DAVID: It is you who is using the aesthetic term 'attractive'. We don't know that the response is not an automatic response to a certain note. And you can't claim you know it is 'attraction'. Neither you or I know which is correct.-You're right: on a certain epistemological level, we know nothing. Maybe all our fellow creatures are clockwork toys carrying out God's instructions. Indeed, we may be the same. And naturalists who have spent their lives studying animal behaviour are deluded. Strangely, I don't share your agnosticism on this subject. I believe that our fellow animals are intelligent, sentient, creative etc., though generally to a much smaller degree than ourselves.
 
dhw: I am not imposing human attributes on our fellow animals; we have inherited those attributes from them. Animals are not less advanced humans. Humans are more advanced animals.

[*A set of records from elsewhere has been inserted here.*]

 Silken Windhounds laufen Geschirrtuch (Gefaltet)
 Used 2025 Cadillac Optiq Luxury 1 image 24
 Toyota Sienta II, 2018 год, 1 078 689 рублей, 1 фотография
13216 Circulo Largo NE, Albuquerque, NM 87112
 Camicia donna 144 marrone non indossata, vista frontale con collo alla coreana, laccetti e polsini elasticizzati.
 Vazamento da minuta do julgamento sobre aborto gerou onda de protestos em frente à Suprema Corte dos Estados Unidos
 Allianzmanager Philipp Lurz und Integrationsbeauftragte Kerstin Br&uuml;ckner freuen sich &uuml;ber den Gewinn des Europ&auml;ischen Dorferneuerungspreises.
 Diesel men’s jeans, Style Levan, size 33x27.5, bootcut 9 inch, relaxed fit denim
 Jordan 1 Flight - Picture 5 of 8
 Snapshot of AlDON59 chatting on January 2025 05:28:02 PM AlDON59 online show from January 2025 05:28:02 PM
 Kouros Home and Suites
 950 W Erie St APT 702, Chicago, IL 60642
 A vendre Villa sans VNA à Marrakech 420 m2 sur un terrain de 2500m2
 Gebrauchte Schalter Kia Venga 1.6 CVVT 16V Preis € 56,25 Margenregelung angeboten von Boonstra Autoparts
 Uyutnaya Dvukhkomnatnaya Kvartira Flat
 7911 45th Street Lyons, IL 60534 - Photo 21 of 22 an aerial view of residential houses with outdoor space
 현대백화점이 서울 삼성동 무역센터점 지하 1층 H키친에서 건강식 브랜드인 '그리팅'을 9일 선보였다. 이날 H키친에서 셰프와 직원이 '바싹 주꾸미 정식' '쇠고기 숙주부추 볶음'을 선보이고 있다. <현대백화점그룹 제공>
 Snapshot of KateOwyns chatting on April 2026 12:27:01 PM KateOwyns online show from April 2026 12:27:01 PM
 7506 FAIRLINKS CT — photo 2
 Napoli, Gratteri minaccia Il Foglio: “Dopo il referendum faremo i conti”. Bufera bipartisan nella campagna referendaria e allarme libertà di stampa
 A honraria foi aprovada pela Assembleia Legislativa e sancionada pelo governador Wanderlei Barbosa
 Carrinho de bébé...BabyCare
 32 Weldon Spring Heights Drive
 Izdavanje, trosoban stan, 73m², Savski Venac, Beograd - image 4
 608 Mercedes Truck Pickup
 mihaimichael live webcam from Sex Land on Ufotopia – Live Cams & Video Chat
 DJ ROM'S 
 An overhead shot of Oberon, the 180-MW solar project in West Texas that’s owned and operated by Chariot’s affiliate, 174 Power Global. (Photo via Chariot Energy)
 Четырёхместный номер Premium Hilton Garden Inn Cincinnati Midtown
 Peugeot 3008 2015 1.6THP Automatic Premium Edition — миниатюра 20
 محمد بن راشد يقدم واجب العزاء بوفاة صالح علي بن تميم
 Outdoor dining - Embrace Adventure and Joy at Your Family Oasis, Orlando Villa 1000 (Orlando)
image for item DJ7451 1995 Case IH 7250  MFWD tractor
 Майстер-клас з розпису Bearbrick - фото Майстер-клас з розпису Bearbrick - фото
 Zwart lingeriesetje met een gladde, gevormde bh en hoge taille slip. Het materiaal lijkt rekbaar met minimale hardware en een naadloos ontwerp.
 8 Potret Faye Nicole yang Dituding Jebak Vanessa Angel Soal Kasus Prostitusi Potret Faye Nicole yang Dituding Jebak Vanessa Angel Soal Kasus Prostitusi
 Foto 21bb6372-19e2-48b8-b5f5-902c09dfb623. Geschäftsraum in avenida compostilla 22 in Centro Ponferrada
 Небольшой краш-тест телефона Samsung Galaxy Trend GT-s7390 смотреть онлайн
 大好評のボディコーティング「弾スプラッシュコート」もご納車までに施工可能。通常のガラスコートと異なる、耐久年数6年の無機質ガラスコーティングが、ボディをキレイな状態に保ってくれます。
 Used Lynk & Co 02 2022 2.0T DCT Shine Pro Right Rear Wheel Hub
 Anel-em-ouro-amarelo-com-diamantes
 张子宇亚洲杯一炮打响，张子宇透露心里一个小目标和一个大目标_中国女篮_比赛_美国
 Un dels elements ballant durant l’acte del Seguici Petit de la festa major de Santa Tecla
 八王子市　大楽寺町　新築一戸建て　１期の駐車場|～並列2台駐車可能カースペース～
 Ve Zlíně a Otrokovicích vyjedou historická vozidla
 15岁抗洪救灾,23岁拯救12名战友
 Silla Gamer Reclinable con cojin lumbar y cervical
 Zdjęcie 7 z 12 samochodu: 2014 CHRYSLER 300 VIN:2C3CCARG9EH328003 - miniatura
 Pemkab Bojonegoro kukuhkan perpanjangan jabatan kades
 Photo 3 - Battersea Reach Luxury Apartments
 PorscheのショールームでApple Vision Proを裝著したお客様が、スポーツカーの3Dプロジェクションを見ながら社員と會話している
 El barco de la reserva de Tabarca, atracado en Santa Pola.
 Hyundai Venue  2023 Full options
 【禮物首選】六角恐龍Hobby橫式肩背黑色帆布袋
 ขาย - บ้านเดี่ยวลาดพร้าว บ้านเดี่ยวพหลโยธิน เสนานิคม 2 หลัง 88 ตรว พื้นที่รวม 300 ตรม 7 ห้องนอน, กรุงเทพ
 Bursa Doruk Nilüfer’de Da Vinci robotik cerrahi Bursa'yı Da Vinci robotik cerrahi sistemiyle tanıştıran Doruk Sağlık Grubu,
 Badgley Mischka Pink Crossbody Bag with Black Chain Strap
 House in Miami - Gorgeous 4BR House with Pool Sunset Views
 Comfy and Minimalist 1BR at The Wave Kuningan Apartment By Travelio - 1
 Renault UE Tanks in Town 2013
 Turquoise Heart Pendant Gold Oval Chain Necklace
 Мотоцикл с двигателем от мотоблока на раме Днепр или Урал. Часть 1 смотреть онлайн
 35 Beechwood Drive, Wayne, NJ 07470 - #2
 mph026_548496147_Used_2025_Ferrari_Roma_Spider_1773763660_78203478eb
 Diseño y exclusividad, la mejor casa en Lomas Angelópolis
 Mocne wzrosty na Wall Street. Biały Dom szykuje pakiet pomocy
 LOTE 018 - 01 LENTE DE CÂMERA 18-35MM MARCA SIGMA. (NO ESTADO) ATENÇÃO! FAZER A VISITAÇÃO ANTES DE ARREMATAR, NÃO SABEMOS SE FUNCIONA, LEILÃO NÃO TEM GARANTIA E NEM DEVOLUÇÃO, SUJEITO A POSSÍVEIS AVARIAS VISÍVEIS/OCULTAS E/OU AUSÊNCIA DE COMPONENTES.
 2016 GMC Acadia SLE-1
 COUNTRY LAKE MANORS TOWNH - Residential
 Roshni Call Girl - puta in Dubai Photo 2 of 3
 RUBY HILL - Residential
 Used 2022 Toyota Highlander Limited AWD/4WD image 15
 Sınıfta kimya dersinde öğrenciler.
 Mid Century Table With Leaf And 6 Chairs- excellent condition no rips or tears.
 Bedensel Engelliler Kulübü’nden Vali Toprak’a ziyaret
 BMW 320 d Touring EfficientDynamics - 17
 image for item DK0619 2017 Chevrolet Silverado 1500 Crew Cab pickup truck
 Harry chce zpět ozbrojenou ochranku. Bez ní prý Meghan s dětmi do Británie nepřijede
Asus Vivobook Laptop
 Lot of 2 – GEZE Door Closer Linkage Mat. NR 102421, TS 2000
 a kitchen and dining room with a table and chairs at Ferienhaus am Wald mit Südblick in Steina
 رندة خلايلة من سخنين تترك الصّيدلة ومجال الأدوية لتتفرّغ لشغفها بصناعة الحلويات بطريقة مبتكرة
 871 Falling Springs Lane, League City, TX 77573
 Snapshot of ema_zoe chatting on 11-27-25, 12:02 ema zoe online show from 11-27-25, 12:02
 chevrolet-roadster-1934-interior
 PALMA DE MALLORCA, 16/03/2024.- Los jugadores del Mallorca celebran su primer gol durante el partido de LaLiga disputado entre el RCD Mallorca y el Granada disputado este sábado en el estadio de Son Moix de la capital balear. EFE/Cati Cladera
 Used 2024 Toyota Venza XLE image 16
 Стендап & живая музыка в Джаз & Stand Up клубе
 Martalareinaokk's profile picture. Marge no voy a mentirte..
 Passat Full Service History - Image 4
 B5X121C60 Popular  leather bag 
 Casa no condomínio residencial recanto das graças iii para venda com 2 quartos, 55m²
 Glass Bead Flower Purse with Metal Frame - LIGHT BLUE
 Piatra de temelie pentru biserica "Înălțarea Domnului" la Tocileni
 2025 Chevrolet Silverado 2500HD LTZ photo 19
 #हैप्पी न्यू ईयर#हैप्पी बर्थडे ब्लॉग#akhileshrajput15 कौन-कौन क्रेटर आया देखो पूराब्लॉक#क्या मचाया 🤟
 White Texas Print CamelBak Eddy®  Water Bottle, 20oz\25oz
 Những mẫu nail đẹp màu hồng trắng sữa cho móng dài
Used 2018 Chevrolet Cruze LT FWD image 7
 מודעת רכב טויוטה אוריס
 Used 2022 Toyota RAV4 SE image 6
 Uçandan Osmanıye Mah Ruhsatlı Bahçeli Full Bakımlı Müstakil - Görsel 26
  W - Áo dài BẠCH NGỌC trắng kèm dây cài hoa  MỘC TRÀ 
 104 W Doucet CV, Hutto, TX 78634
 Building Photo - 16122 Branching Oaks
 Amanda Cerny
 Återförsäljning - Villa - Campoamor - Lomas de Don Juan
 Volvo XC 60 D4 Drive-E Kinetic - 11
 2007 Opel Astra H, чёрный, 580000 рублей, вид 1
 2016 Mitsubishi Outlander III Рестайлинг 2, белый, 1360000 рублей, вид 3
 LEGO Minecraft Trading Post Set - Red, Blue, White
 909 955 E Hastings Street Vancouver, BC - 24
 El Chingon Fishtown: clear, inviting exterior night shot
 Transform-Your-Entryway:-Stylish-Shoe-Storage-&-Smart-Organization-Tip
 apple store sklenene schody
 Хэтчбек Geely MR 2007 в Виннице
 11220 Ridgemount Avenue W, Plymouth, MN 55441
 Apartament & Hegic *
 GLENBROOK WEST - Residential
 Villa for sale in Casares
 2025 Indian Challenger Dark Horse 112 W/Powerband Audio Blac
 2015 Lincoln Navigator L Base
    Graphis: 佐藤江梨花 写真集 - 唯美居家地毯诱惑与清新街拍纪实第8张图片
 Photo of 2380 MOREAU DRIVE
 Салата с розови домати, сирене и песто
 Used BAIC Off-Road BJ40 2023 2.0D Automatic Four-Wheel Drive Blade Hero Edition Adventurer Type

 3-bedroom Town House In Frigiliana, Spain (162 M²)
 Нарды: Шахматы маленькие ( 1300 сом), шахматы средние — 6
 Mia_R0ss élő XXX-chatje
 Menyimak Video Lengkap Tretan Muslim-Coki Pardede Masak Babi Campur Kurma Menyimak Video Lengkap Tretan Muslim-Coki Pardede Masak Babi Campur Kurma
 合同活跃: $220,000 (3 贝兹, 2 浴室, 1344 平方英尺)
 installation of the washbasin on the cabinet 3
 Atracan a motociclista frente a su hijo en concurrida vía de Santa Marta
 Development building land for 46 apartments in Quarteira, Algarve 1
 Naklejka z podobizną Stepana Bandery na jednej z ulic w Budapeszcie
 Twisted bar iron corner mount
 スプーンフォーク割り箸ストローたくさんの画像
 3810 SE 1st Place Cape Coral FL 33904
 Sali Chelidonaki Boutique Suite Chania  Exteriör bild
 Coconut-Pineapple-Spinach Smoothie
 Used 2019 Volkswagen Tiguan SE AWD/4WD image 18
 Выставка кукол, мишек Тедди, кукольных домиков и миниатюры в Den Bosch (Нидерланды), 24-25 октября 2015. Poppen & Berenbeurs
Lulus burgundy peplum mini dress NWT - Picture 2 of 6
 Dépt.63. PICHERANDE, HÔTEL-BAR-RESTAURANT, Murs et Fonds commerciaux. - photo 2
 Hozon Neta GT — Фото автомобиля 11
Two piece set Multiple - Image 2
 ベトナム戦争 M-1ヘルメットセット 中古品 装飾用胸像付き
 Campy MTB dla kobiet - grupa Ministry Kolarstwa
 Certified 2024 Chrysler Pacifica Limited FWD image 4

DAVID: I accept your point. The attributes started before we evolved. But I view the gap as a difference in kind, and you don't. At no other point in evolution do we see such a gap, except at the Cambrian.-The gap is enormous, but as above I see an “orderly” development from animal to so-called primitive to so-called civilized society/technology/emotion/communication/ education/aesthetics etc. Tony wrote that the surprise expressed by some in relation to the complexities of animal language “emphasizes human arrogance”. He went on: “perhaps that is what happens when people get too far removed from nature; they start to believe that other life forms are not as valid, precious, or complex as our own.” I would add that they start to believe the gap is so great that humans are different in “kind” to the animals from which they have descended.